Configuring Microsoft Windows single sign-on for Web clients in an existing IBM Lotus Domino environment

Added by ~Fred Cistumipulings | Edited by ~Fred Cistumipulings on December 19, 2011 | Version 3

Actions ▼

This article is a simplified guide of the steps to configure Microsoft Windows Single Sign-on with IBM Lotus Domino. Using this guide, you can get your environment running in just a few minutes, even if you do not have in-depth knowledge of either the Trust Association Interceptor operation mode or SPNEGO.

ShowTable of Contents

HideTable of Contents

1 Introduction
2 Configuring SSO
3 Conclusion
4 Resources
5 About the author

Introduction

As of version 8.5.1, IBM® Lotus® Domino® started to support Microsoft® Windows® Single Sign-on (SSO) with Windows Integrated Authentication via Simple and Protected GSSAPI Negotiation Mechanism (SPNEGO).
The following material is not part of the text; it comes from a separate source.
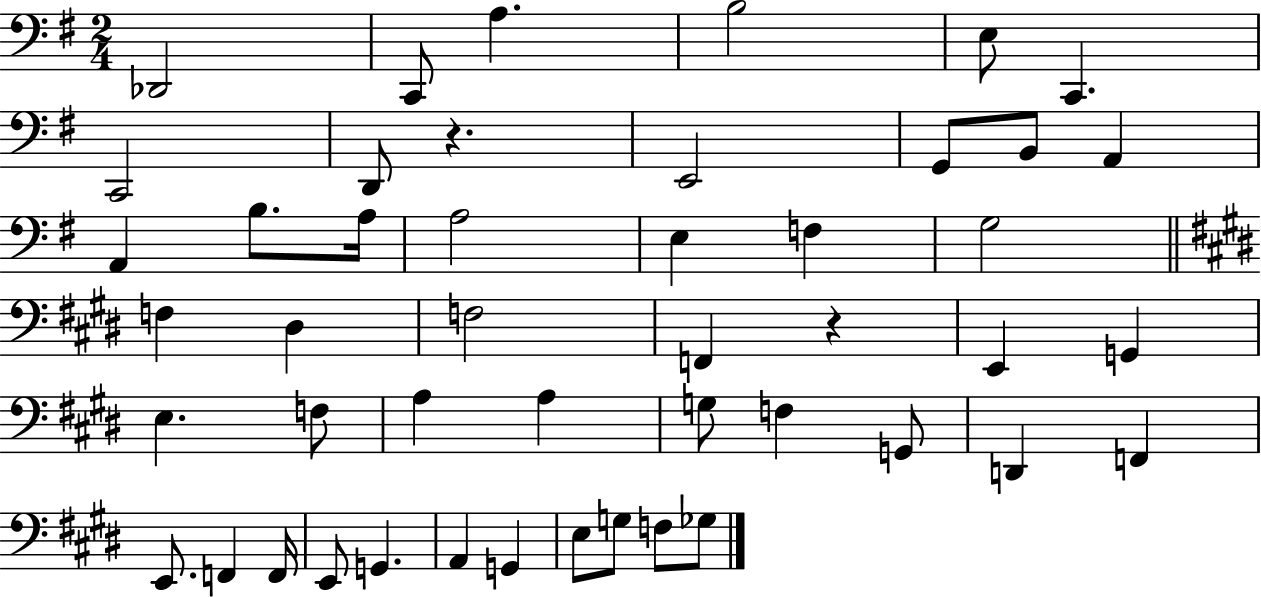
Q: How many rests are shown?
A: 2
This configuration allows users to connect to Web applications without having to enter their credentials. The authentication process takes place without passing credentials in the network, ensuring that even if sniffing is being attempted in the network, there is nothing to "sniff".

This article is a simplified guide of the steps to configure Microsoft Windows Single Sign-on with Lotus Domino. For more detailed instructions, refer to the Domino wiki article, “Configuring Microsoft Windows single sign-on on IBM WebSphere and Domino platforms."
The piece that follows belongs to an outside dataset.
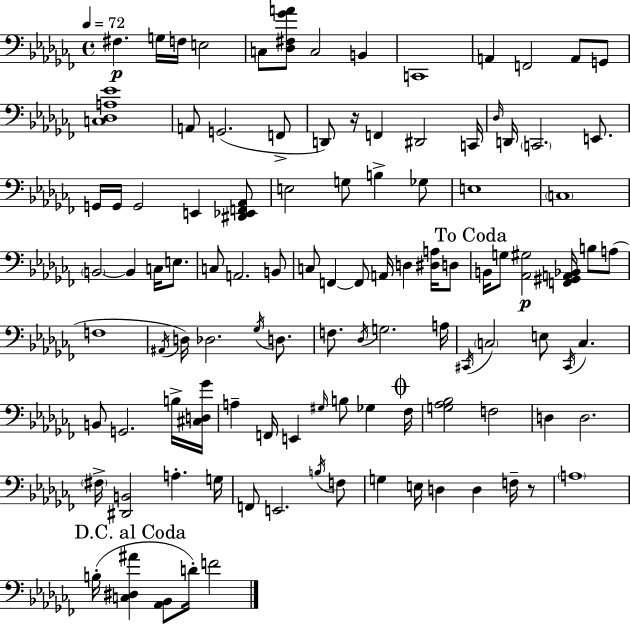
F#3/q. G3/s F3/s E3/h C3/e [Db3,F#3,Gb4,A4]/e C3/h B2/q C2/w A2/q F2/h A2/e G2/e [C3,Db3,A3,Eb4]/w A2/e G2/h. F2/e D2/e R/s F2/q D#2/h C2/s Db3/s D2/s C2/h. E2/e. G2/s G2/s G2/h E2/q [D#2,Eb2,F2,Ab2]/e E3/h G3/e B3/q Gb3/e E3/w C3/w B2/h B2/q C3/s E3/e. C3/e A2/h. B2/e C3/e F2/q F2/e A2/s D3/q [D#3,A3]/s D3/e B2/s G3/e [Ab2,G#3]/h [F2,G#2,A2,Bb2]/s B3/e A3/e F3/w A#2/s D3/s Db3/h. Gb3/s D3/e. F3/e. Db3/s G3/h. A3/s C#2/s C3/h E3/e C#2/s C3/q. B2/e G2/h. B3/s [C#3,D3,Gb4]/s A3/q F2/s E2/q G#3/s B3/e Gb3/q FES3/s [G3,Ab3,Bb3]/h F3/h D3/q D3/h. F#3/s [D#2,B2]/h A3/q. G3/s F2/e E2/h. B3/s F3/e G3/q E3/s D3/q D3/q F3/s R/e A3/w B3/s [C3,D#3,A#4]/q [Ab2,Bb2]/e D4/s F4/h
Figure 1 illustrates the authentication process.

Figure 1. Diagram of the authentication process

Configuring SSO

The steps necessary to configure SSO are few and simple, so in a few minutes we can enable it between Windows and Lotus Domino. To do this, we run the configuration described using the "Internet Sites", by defining a virtual host environment specific to the SSO domain.
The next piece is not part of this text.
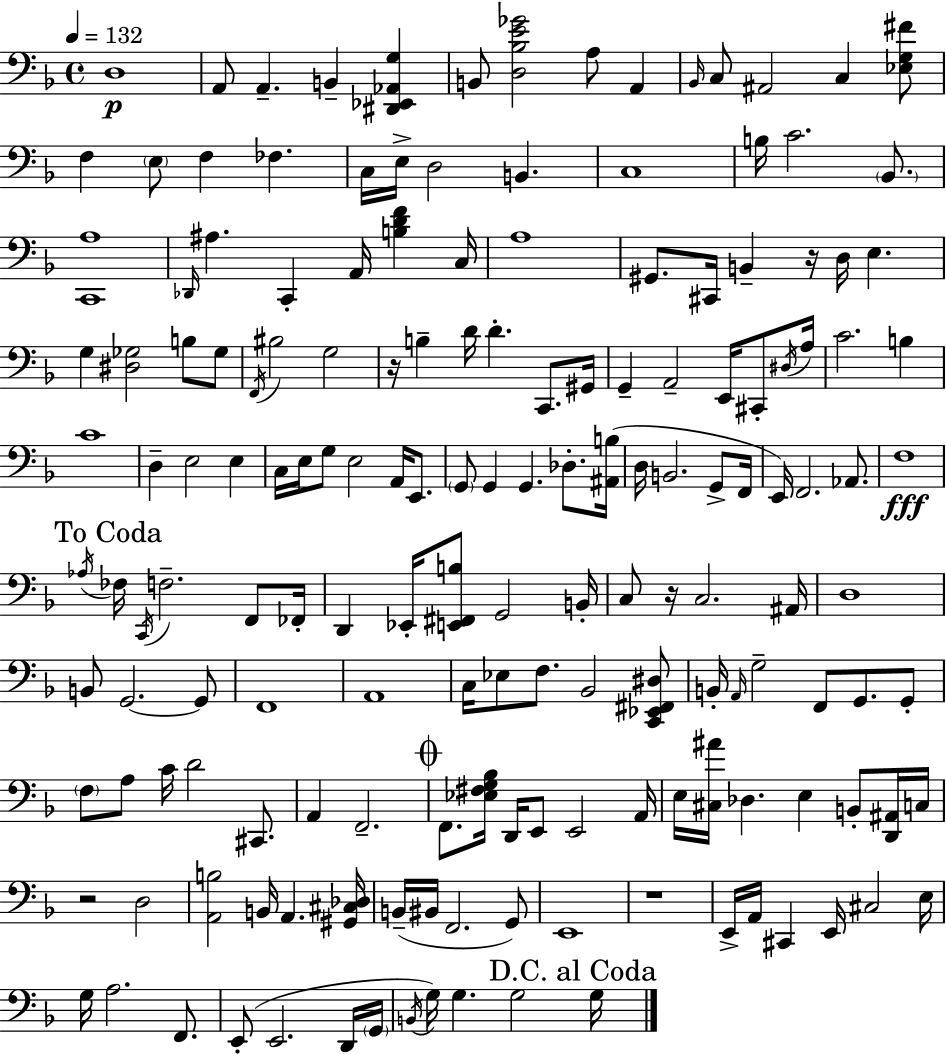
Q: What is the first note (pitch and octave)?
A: D3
We want to have two separate domains of SSO, so as not to adversely affect existing configurations, for example, as shown in figure 2.

Figure 2. Example of two separate SSO domains

In this example, the domain “net2action” allows SSO with Windows, but the domain “shamrock” does not. To allow this, we need to create the respective Web SSO Configuration documents for LtpaToken win (see figure 3) and LtpaTokenNoWin (see figure 4).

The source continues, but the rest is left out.